Unfortunately, the time was passing more quickly than we would have liked and I had to take on the role of the nag and the bitch to ensure that we made it to the location of the bus that was to take us back to the ship. Of course, Gila was constantly noticing things that pulled her away from my objective of getting to the bus. I developed a new strategy. Whenever Gila wanted to stop, I said no and did not stop. I just kept walking although I did slow down until she caught up. We hadn't had lunch and she wanted to stop for a hot dog. I told her that if we reached the bus on time, the reward would be the McDonalds found at our meeting place. We actually made it with 15 minutes to spare. In a lot, we saw a series of buses and assumed one was ours. While Gila looked for food, I headed to the buses to find that none of them were Gate 1 vehicles.
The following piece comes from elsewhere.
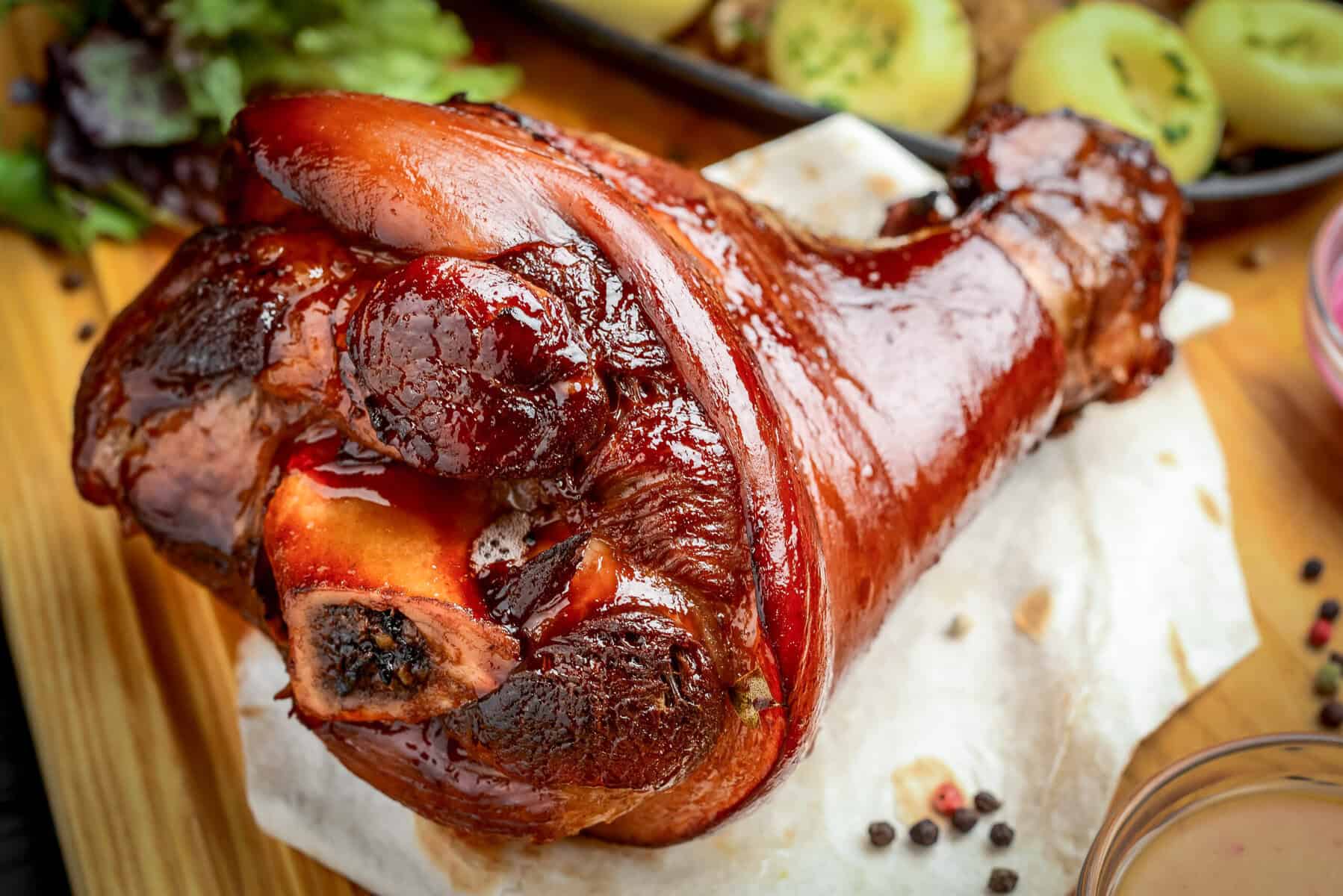 Gegrillte Schweinshaxe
I began to wander further along the street and noticed a Gate 1 sign beckoning me alluringly from the doorway. I then had to find Gila to make sure she didn't go to the wrong place. Ironically, when Gila reached the bus, the driver would not allow food on the bus and Gila had to eat her doner on the sidewalk.


                                                    
                                                        Location of our bus 

The ride back to the boat was uneventful. When it was time to exit the bus, I found that I was so stiff I could barely walk. A shower helped to refresh me but did little about my stiffness. Dinner  improved my mood, but I'm hoping that I will not need a wheelchair to do the tour of Budapest tomorrow. We are now in the home stretch.